Depois da onda conservadora que surpreendeu o país no primeiro turno das eleições, ninguém segura o otimismo do mercado. Na cabeça do investidor médio, Jair Bolsonaro (PSL) vai aprovar o que quiser no Congresso e salvará o país. O clima de torcida tomou contas das mesas de operações: juros caem e o real se valoriza.
Analistas respeitados encontram dificuldade para alertar seus clientes dos riscos de um governo Bolsonaro, que não são poucos. São tachados de “petistas” e espalham-se rumores de que buscam uma vaga num eventual governo de Fernando Haddad (PT).
E aqui não estamos nem falando dos riscos mais graves, que é o desrespeito ao direito das minorias, o aumento do desmatamento, a mistura entre ciência e religião nas escolas. Vamos nos concentrar apenas nos riscos econômicos.
A despeito do bom desempenho que o candidato terá nas urnas se as pesquisas de intenções de voto se confirmarem, ele não terá vida fácil quando subir a rampa do Palácio do Planalto. E seu primeiro desafio será o mesmo que atormenta os mandatários brasileiros há anos, só que dessa vez com premência maior dada a frágil situação fiscal: a reforma da Previdência.
Ainda não se sabe o que exatamente Bolsonaro propõe nessa área, já que ele evita falar de temas como déficit previdenciário ou idade mínima de aposentadoria. Seu guru econômico, Paulo Guedes, menciona apenas a adoção de um sistema de capitalização em cada um financiaria sua própria aposentadoria, sem detalhar como cobrir o rombo do modelo atual.
No entanto –supondo que os assessores mais próximos de Bolsonaro superem algumas convicções arraigadas de que a reforma da Previdência sequer é necessária, deem voltas e mais voltas, mas cheguem a conclusão que não dá para fugir muito do que foi proposto por Michel Temer–, o novo presidente terá forças para aprová-la? Há muitas dúvidas a esse respeito. É só fazer as contas.
Para se passar uma proposta de emenda constitucional como a reforma da Previdência, é preciso conquistar 308 votos ou dois terços do Congresso. O PSL saiu da condição de partido nanico para a segunda bancada da Câmara, com 52 representantes, mas ainda assim representa apenas 10% do total.
Bolsonaro enfrentará uma oposição estridente de 110 deputados formada pelos partidos de esquerda: PT, PSB, PSOL, PC do B, Rede. Logo, se quiser passar a reforma da Previdência, vai precisar do apoio do “centrão” (DEM, PP, PSD, PRB, Solidariedade) do MDB e até do PSDB. Muitos políticos já flertam com um governo Bolsonaro, mas, ninguém se engane, cobrarão sua fatura.

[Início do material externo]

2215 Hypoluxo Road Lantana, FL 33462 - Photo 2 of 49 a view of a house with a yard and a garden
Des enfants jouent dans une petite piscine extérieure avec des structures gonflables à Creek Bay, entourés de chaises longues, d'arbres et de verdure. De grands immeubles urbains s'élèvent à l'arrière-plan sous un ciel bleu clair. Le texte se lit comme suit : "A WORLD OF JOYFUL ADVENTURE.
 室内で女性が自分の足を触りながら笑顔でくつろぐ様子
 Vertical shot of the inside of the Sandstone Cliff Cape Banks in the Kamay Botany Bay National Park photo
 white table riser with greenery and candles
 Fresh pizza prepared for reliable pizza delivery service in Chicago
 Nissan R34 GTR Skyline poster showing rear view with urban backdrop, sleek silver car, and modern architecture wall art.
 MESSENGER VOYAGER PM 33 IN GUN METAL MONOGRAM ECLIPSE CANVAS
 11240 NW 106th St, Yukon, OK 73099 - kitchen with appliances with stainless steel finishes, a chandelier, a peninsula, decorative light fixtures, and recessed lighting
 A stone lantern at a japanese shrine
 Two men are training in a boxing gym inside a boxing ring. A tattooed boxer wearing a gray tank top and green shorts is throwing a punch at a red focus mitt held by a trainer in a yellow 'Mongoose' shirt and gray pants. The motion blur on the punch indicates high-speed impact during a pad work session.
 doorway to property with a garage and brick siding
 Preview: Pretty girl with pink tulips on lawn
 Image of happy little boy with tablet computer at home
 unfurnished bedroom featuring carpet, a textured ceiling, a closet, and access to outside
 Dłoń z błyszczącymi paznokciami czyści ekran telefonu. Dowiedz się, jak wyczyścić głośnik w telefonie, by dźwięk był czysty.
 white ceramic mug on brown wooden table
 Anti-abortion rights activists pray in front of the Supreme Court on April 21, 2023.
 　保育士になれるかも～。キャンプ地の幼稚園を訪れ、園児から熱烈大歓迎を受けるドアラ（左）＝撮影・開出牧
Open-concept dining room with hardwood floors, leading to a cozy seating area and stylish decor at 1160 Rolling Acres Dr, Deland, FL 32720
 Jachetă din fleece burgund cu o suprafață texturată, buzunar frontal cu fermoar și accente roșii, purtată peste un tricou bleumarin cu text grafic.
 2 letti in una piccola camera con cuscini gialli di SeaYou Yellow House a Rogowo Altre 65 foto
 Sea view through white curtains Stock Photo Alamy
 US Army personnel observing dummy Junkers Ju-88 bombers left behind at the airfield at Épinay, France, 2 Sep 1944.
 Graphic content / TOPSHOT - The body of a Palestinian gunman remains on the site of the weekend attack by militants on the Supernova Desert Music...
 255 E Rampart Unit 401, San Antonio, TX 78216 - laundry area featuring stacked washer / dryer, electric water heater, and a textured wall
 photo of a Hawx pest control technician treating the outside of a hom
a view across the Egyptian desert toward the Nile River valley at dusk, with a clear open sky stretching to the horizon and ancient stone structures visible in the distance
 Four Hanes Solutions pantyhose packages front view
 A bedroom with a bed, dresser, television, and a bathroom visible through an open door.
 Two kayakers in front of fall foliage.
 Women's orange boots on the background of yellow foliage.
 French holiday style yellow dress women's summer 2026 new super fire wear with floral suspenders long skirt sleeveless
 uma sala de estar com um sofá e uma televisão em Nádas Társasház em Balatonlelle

O candidato vem dizendo que reduzirá o número de ministérios e que não dividirá o poder em troca de apoio. Repete que vai governar com as bancadas –da bala, do agronegócio, etc– ignorando os líderes partidários. Será que isso é possível? Difícil acreditar.
E num exercício de futurologia, o que fará Bolsonaro no fim de 2019 se não aprovar a reforma da Previdência, o mercado se desencantar, e a recessão voltar? Vai jogar a população contra o Congresso, que estaria atrapalhando seus planos de resgate do país, e se apoiar nos militares?
“Os riscos de um governo Bolsonaro são absurdamente elevados. O mercado já se equivocou outras vezes e pode se enganar de novo, mas dessa vez o preço será muito alto. Não temos mais espaços para erros”, disse à coluna Sérgio Vale, economista-chefe da MB Associados.